Abstract

Many of the earliest laboratory studies of the brittle-ductile transition were on porous rocks, with a focus on the evolution of failure mode from brittle faulting to cataclastic flow with increasing pressure. Recent advances in this area are reviewed. Porosity has been demonstrated to exert critical control on the brittle-ductile transition, and its phenomenology has two common attributes. Under low confinement, brittle faulting develops as a dilatant failure mode. Under high confinement, delocalized cataclasis is accompanied by shear-enhanced compaction and strain hardening. Plasticity models such as the cap and critical state models have been developed to describe such constitutive behaviors, and many aspects of the laboratory data on porous rock have been shown to be in basic agreement. Bifurcation analysis can be used in conjunction with a constitutive model to predict the onset of strain localization, which is in qualitative agreement with the laboratory data. However, recent studies have also underscored certain complexities in the inelastic behavior and failure mode. In some porous sandstones, compaction bands would develop as a localized failure mode intermediate between the end members of brittle faulting and cataclastic flow. In limestones (and selected sandstones) under relatively high confinement, cataclastic flow is accompanied first by shear-enhanced compaction which then evolves to dilatancy. Various techniques have been employed to characterize the microstructure and damage, which have elucidated the deformation mechanisms associated with the brittle-ductile transition.

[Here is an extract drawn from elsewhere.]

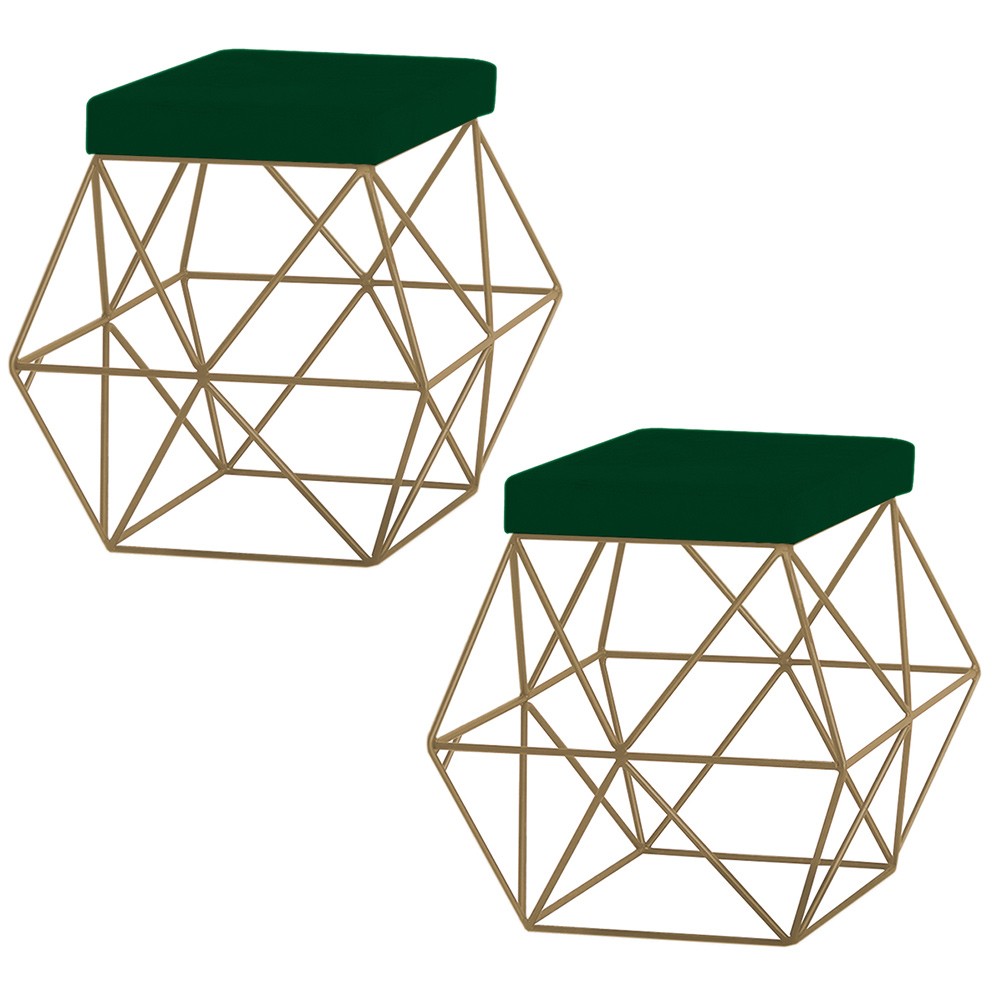 Kit 2 Puffs Decorativo Sala de Estar Base Gold Trixie Suede Verde G41 - Gran Belo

These observations have revealed a diversity of micromechanical processes, and fundamental differences were observed especially between sandstone and limestone with regard to inelastic compaction. Micromechanical models that have been formulated to describe these processes include the pore-emanated and sliding wing crack models in the brittle faulting regime, and the Hertzian fracture and cataclastic pore collapse models in the cataclastic flow regime. Numerical techniques based on the discrete element method have also been employed to simulate these processes. Comparison of the model predictions with laboratory and microstructural observations has provided useful insights into the mechanics of brittle-ductile transition in porous rock.